[BioC] getting a list of genomic sequences from a list of gene names

Sat Jul 20 01:52:01 CEST 2013

Hi,

On 07/16/2013 06:40 PM, Michael Lawrence wrote:
> This is an interesting problem. I'm always trying to find simpler ways to
> do these things.  See below.
>
>
>
>
>
> On Tue, Jul 16, 2013 at 10:48 AM, Paul Shannon <pshannon at fhcrc.org> wrote:
>
>> To summarize our off-list discussion, and present our final suggested
>> answer, using a sample entrez geneID to demonstrate, we offer the code
>> shown below.
>> A somewhat lengthy exposition of the 9 steps involved will be found below,
>> following  the 18 lines of excutable code.
>>
>> Thanks for posing this question, Eric, and for your patience while I
>> worked up a reply.
>>
>>   - Paul
>>
>>
>>
>> library(Biostrings)
>> library(org.Hs.eg.db)
>> library (BSgenome.Hsapiens.UCSC.hg19)
>> library(TxDb.Hsapiens.UCSC.hg19.knownGene)
>> txdb <- TxDb.Hsapiens.UCSC.hg19.knownGene
>>
>> trak2 <- "66008"    # sample gene
>>
>> transcripts.grL <- transcriptsBy(txdb, by="gene")[trak2]
>> transcript.names <- mcols(unlist(transcripts.grL))$tx_name  # "uc002uyb.4"
>> "uc002uyc.2"
>>
>>
> It looks like we needed to get the transcripts out just to retrieve the
> transcript names for the gene. I think we can do this more directly with
> OrganismDb.
>
> transcript.names <- select(Homo.sapiens, trak2, "TXNAME", "ENTREZID")$TXNAME
>
> That syntax is very unintuitive to me, but it works.
> Now the fundamental gene structure is represented by the return value of
> exonsBy(),
> exonsByTx.grL <- exonsBy(Homo.sapiens)[transcript.names]
>
> Once we have that, we could go two routes:
> a) Derive the transcript bounds, retrieve the transcript sequence, and
> extract the sequence for the exons and introns.
> b) Derive the introns from the exons and query the sequence for both
> separately.

One difficulty with route (a) is that the coordinates in 'exonsByTx.grL'
are relative to the reference genome so you need to transform
them first to make them relative to the transcript sequences.
For transcripts on the plus strand it's just a shift(), but for
transcripts on the minus strand (which are going to be reverse-
complemented by getSeq()), it's going to be a little bit more
complicated.

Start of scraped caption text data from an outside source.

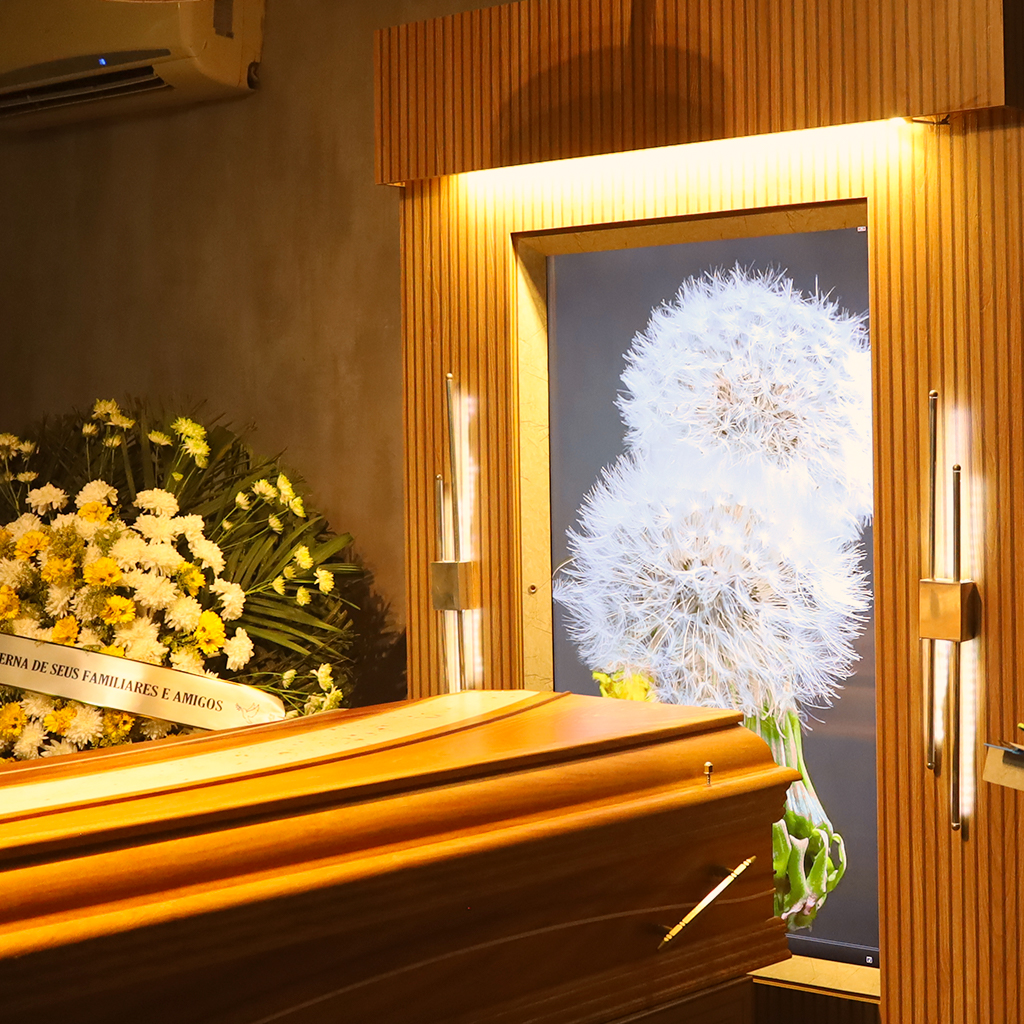 Interior de uma capela serena com flores brancas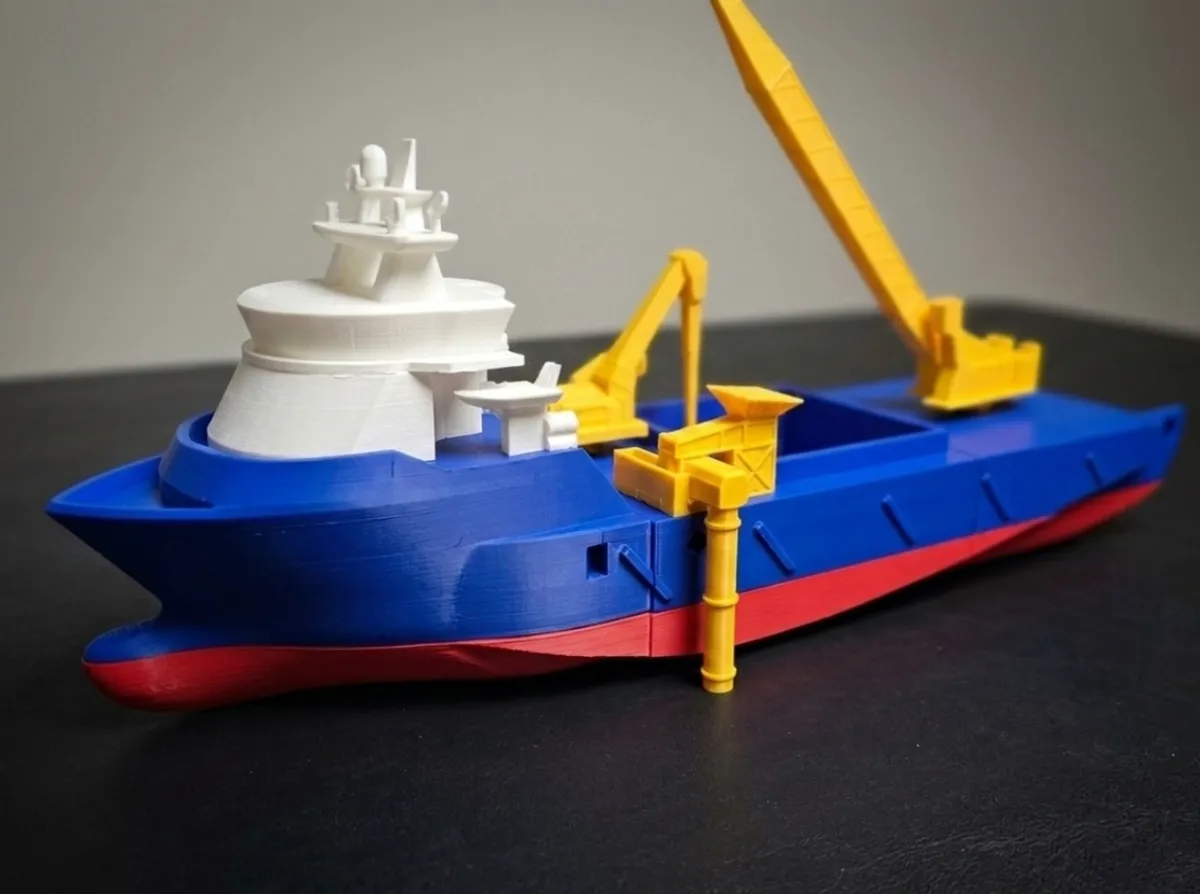 Scale model of offshore vessel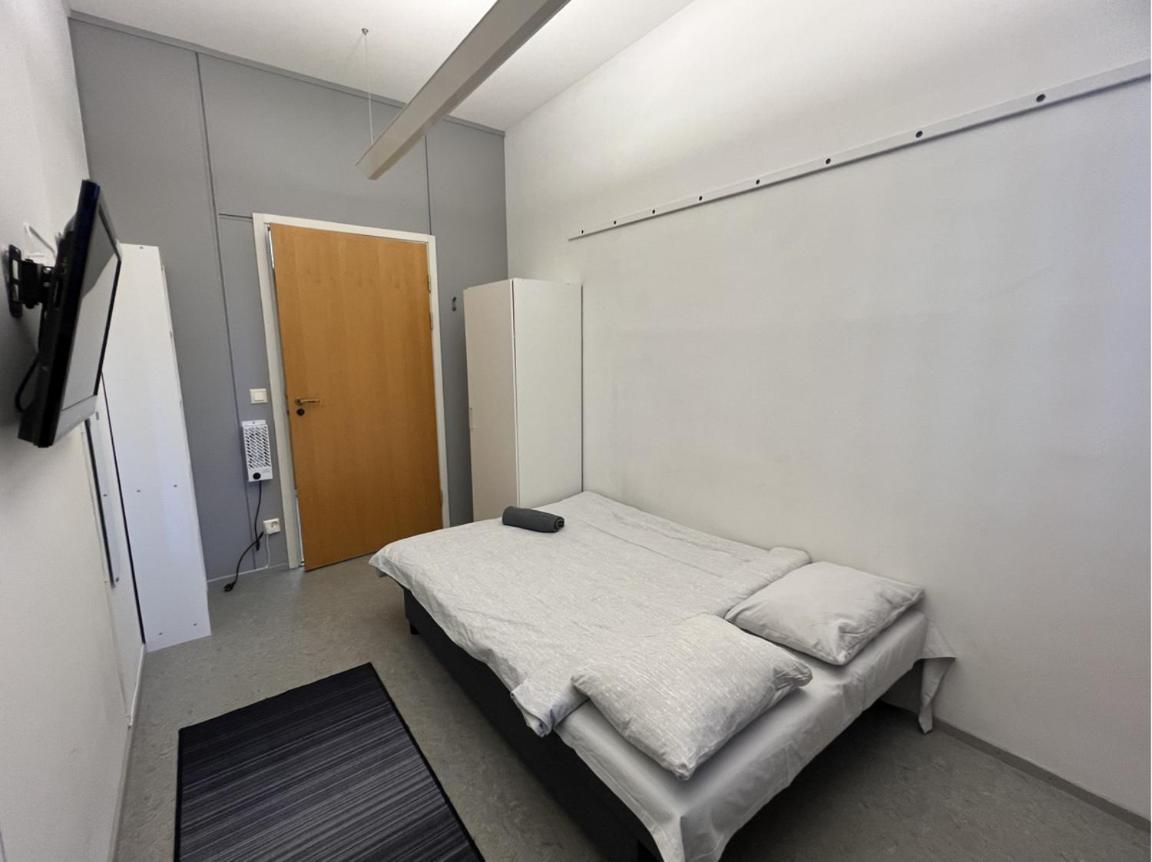 Smart Group 218 Hostel Helsinki Bagian luar foto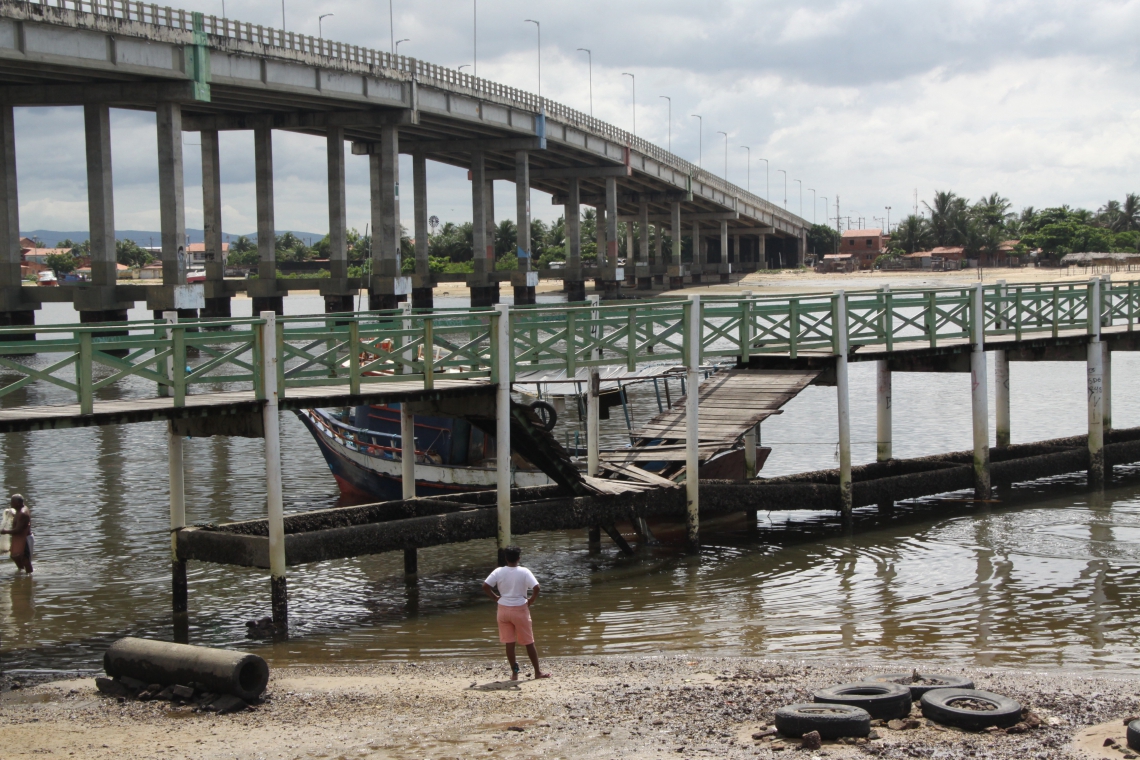 ESTRUTURA cedeu e visitantes caíram de uma altura de cerca de 3 metros  (Foto: Mauri Melo)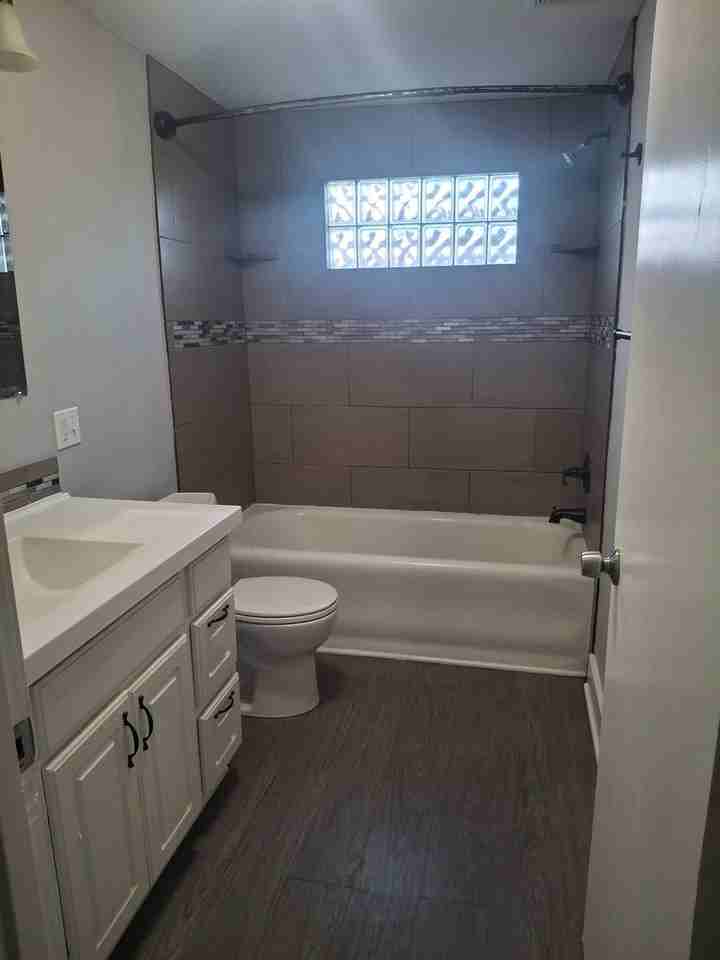 1308 W College St - Photo 2 of 7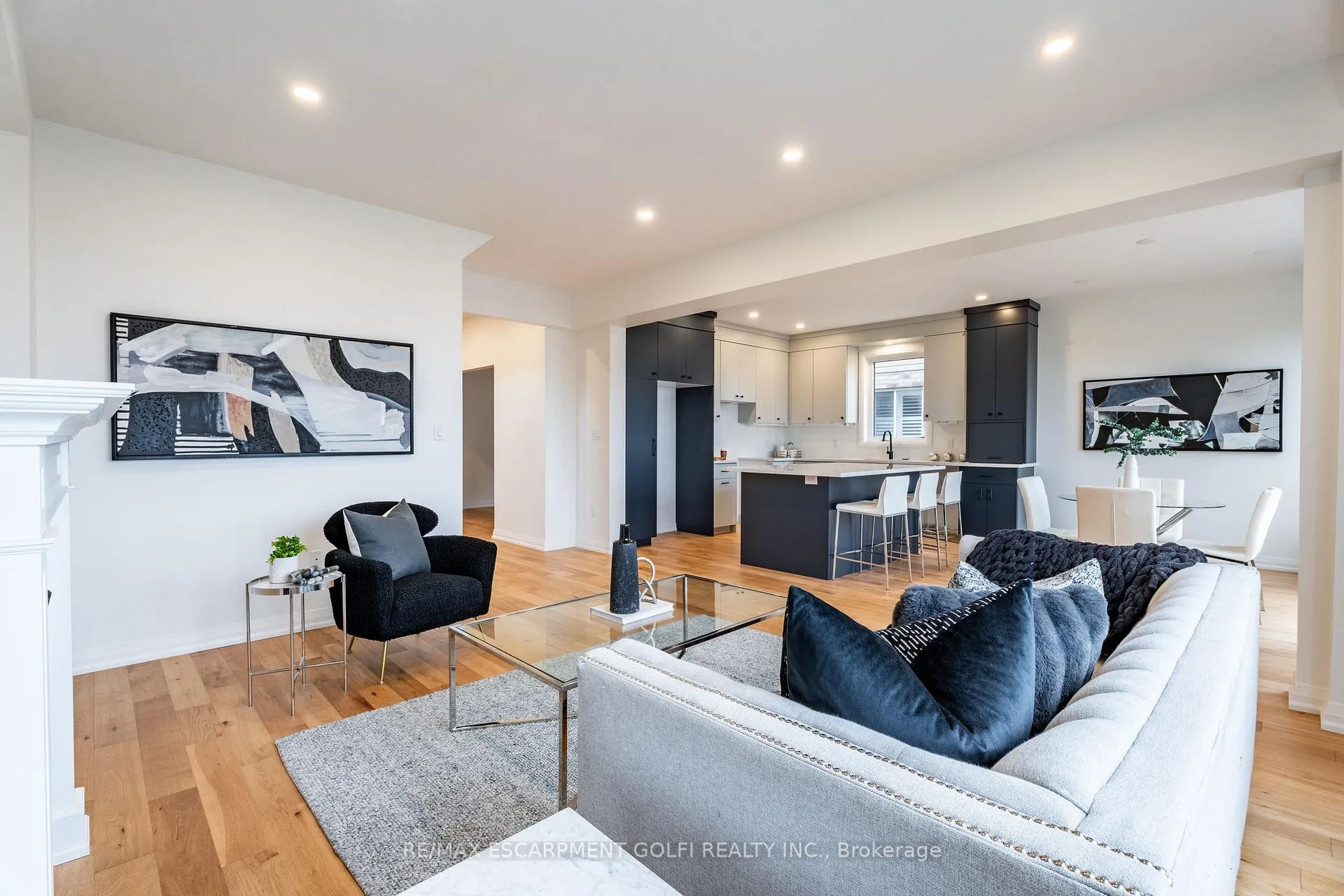 Photo 11 of 117 Whitefish Crescent, Hamilton, Stoney Creek — HOMEH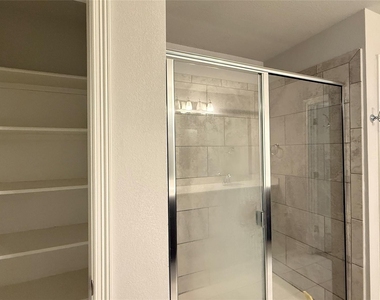9102 Gage Dr - Photo Thumbnail 11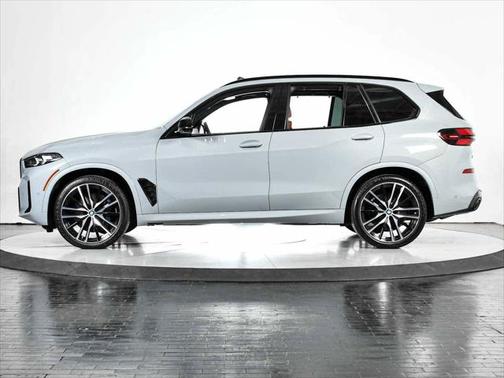 2024 BMW X5 M60i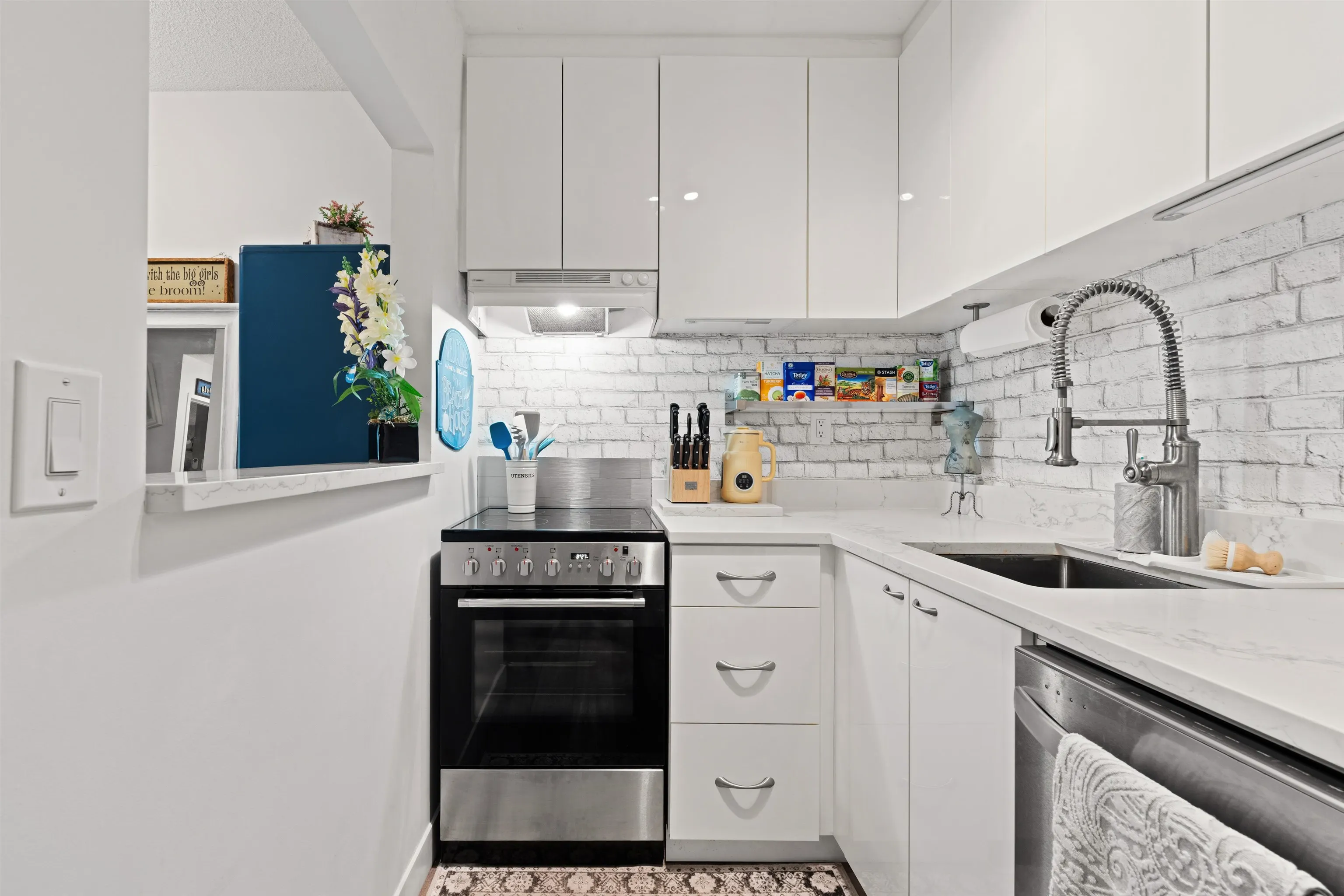2173 W 6 Avenue #401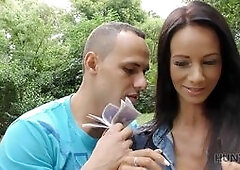 Semental enojado por dinero permite al cazador follar a su esbelta novia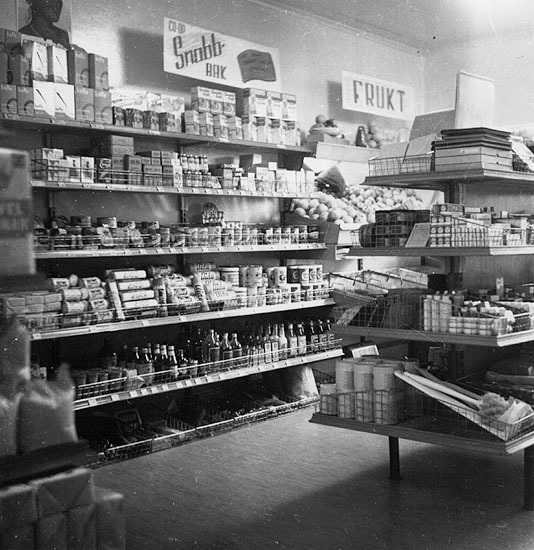 Interiör från Konsums affär i Vilhelmina, 1947.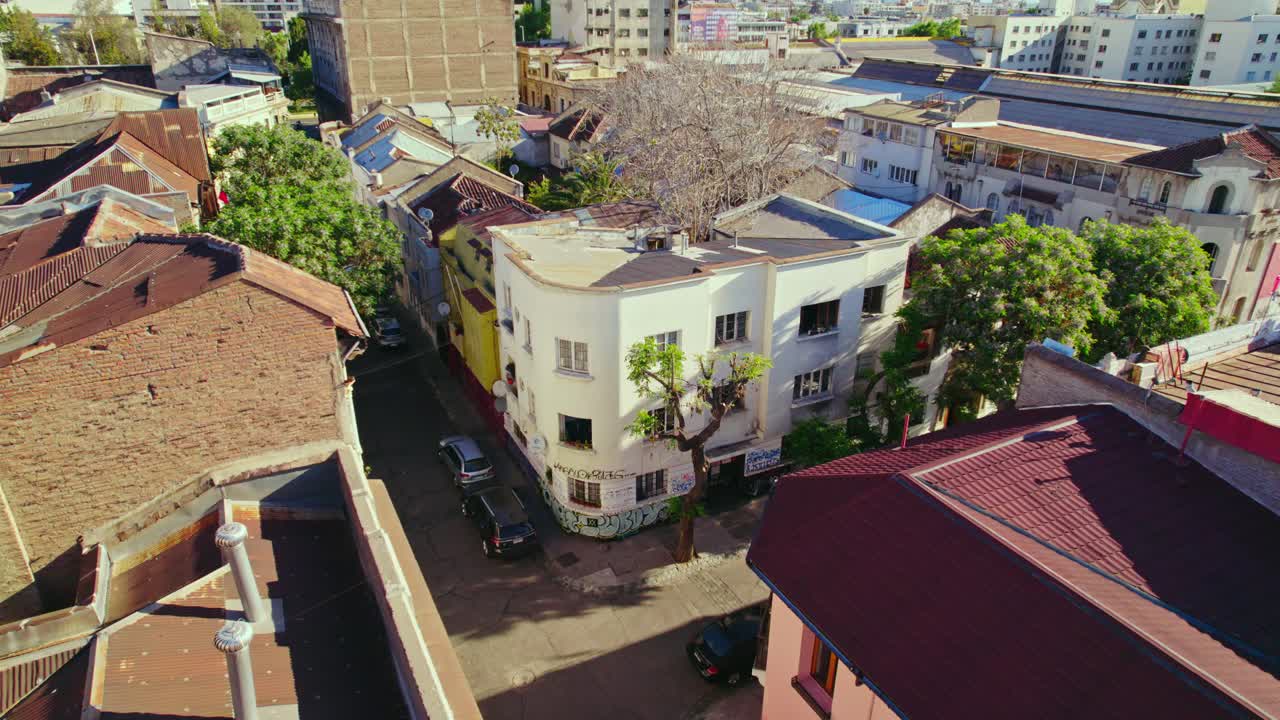 칠레 산티아고의 콘차 이 토로 구의 주거 및 유산 이웃 위에 설치하는 비행선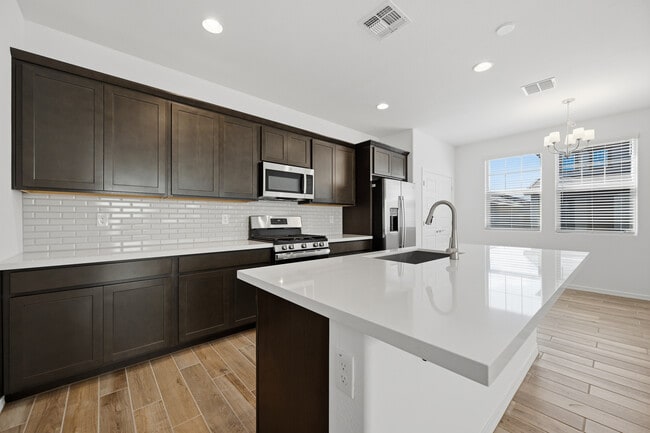 10002 W Piccadilly Rd, Avondale, AZ 85392 - photo 6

FWIW, and because it's also an opportunity for me to
introduce a tool I added recently to Biostrings), I'm going to try
to follow route (a) anyway. See below.

>
> For (a), we would get the transcript bounds:
> transcripts.gr <- unlist(range(exonsByTx.grL), use.names=FALSE)

One caveat when using range() on a GRangesList is that it doesn't 
necessarily generate 1 range per list element (e.g. if the transcript
contains exons from both strands, which is uncommon but it happens).
A quick sanity check before you unlist() is to do:

   tmp <- range(exonsByTx.grL)
   stopifnot(all(elementLengths(tmp) == 1))
   transcripts.gr <- unlist(tmp, use.names=FALSE)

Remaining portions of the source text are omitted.